Merkel-Nachfolge:Die CDU am Scheideweg

Wer wird Nachfolger von Angela Merkel im CDU-Vorsitz: Friedrich Merz, Annegret Kramp-Karrenbauer oder Jens Spahn? Leserinnen und Leser setzen sich hier vor allem kritisch mit Merz auseinander.

Merkel-Nachfolge: SZ-Zeichnung: Denis Metz

SZ-Zeichnung: Denis Metz

"Merz bestreitet Interessenkonflikte" und "Vorahnung der Macht" vom 2. November, "Schwer zu fassen" und "Der Anti-Merkel" vom 31. Oktober/1. November sowie "Danke, das war's" vom 30. Oktober:

Teil des Problems

Friedrich Merz hat reelle Chancen auf das Amt des CDU-Vorsitzenden.
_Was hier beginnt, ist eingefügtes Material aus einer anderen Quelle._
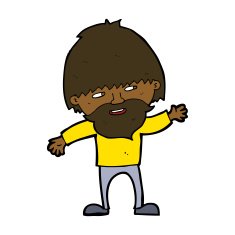 cartoon happy bearded man waving N7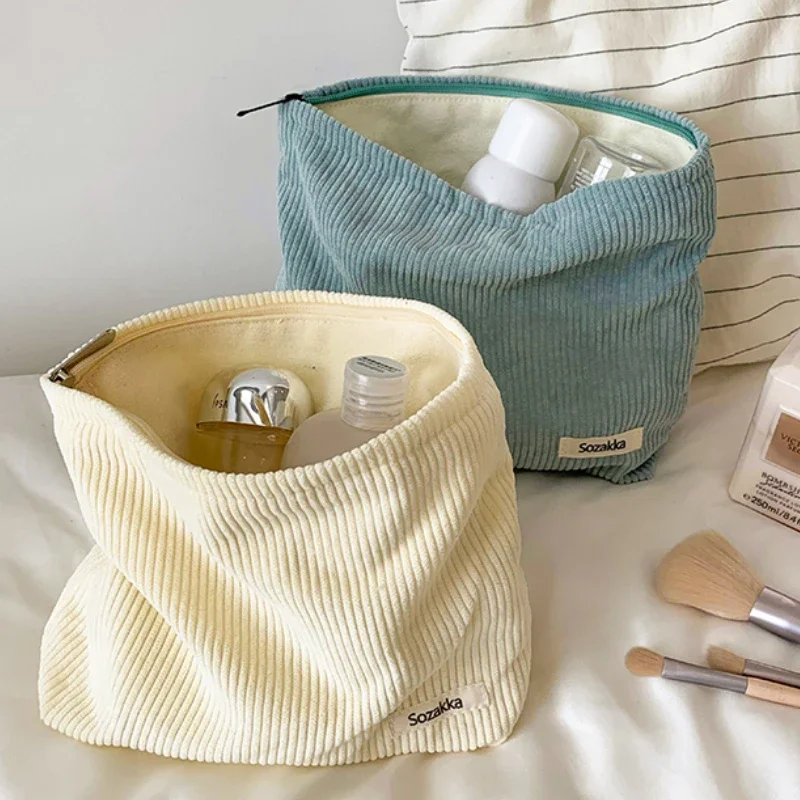 Bolsa de maquillaje de pana de Color sólido, bolsa de cosméticos, bolsa de almacenamiento de gran capacidad, bolsa de aseo portátil para el cuidado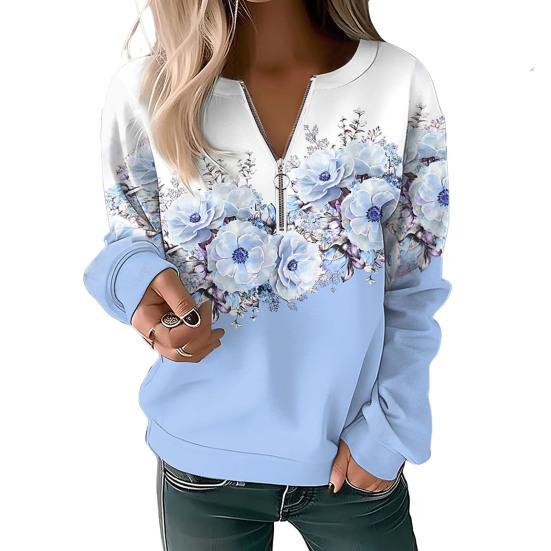 Женский осенне-весенний свитер с цветочным принтом, v-образный вырез, молния, декор, пуловер с длинными рукавами, мягкий повседневный толстый эластичный манжет, женский топ, блузка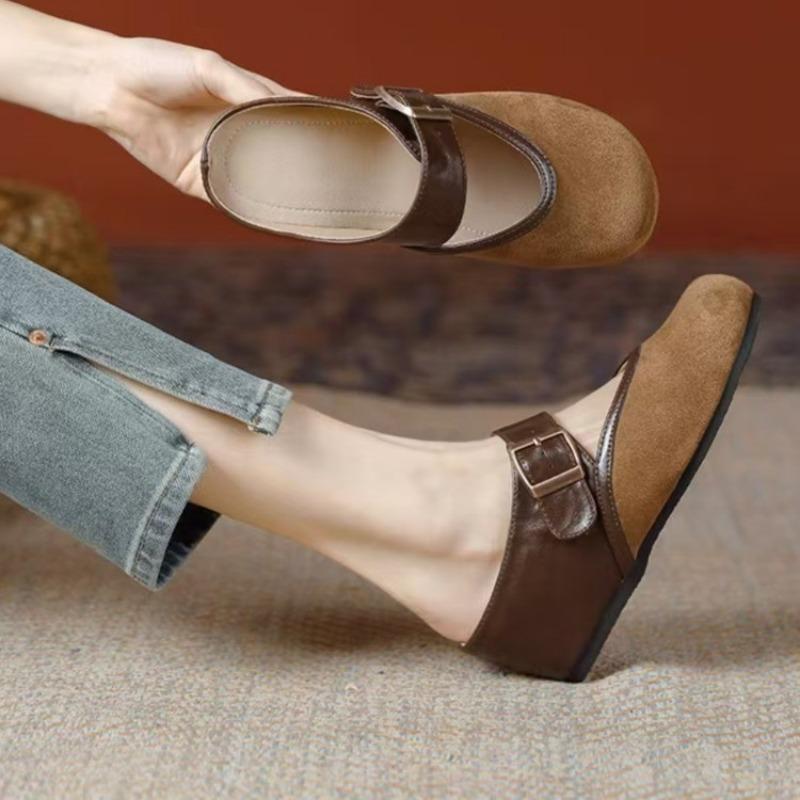 Fashion 2025 Summer Mixed Colors Women’s Closed Toe Slippers Round Toe Increased Internal Buckle Slippers for Outdoor Comfortable Sandal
Er wird nicht mit den Problemen der zerstrittenen großen Koalition in Berlin in Verbindung gebracht und könnte sich das gegenüber seinen Mitbewerbern Jens Spahn und Annegret Kramp-Karrenbauer zunutze machen. Seine Kandidatur ist allerdings ein Schritt zurück, denn Merz verkörpert das System der internationalen Finanzwirtschaft, das in weiten Teilen zur Finanzkrise 2008 und zu deren bis heute sichtbaren sozialen Folgen beigetragen hat. Seine Kandidatur spiegelt den aktuellen Trend wider, Unternehmern aus der Wirtschaft politische Macht zu übertragen. Die Präsidentschaft Donald Trumps in den USA stellt dabei sicherlich den Höhepunkt dar. Merz als CDU-Vorsitzender wäre nicht die Lösung aktueller Probleme wie Besteuerung internationaler Großkonzerne, sondern er wäre Teil des Problems.

Mathis Brinkmann, Jena

Gefahr für den Sozialstaat

Das Attribut "wirtschaftsnah" charakterisiert Friedrich Merz nur unzureichend. Viele seiner Bemerkungen und seine Nähe zur Initiative Neue Soziale Marktwirtschaft zeigen, wes Geistes Kind er ist: marktliberal und sozialstaatsaversiv. Das ist etwas anderes als bloß "wirtschaftsnah". Staatliche und innergesellschaftliche Konkurrenz als vorrangige Leitidee kann man mögen oder nicht. Marktliberalismus auch als gesellschaftliches Prinzip anzuwenden, ist schlecht verhohlener Sozialdarwinismus. Mit Merz steht sehr viel mehr zur Wahl als nur eine Person. Eine spätere Kanzlerschaft käme einem zweiten, ideellen Mauerfall gleich. Sie könnte das Ende der sozialstaatlich verfassten Bundesrepublik einleiten. Wer will Verhältnisse wie in den USA? Friedrich Merz - cui bono? Die Antwort gibt sein berufliches Leben.

Cajus Wypior, Heilbronn

Endlich wieder unterscheidbar

Jeder, dem die Zukunft der Demokratie in Deutschland am Herzen liegt, muss hoffen, dass Friedrich Merz sich im Kampf um den CDU-Vorsitz durchsetzen wird. Denn mit seinem wirtschaftsliberalen und konservativen Profil besteht die Chance, die Programmatik der Union zu erneuern. Genauso wichtig ist aber, dass mit Merz ein streitbarer Politiker auf die politische Bühne zurückkommt. Beides bietet die Gelegenheit, dass die Politik endlich wieder zum Ort des politischen Streits unter Demokraten wird. Angela Merkels streit- und debattenloser Stil könnte überwunden werden. Das würde auch der SPD in der Eigenprofilierung und in der politischen Auseinandersetzung mit der Union helfen. Sie hätte wieder einen greifbaren Gegner. Endlich würde wieder zwischen Mitte-rechts und Mitte-links um Alternativen gestritten werden und nicht mehr nur mit den politischen Extremen. Möge Merkels Kanzlerschaft damit zwar ihre "Iden des Merz" und folglich ihr Ende erfahren, so könnte mit dem "Anti-Merkel" Merz, wie Robert Rossmann titelte, ein neuer Aufbruch für die demokratische Kultur in Deutschland verbunden sein.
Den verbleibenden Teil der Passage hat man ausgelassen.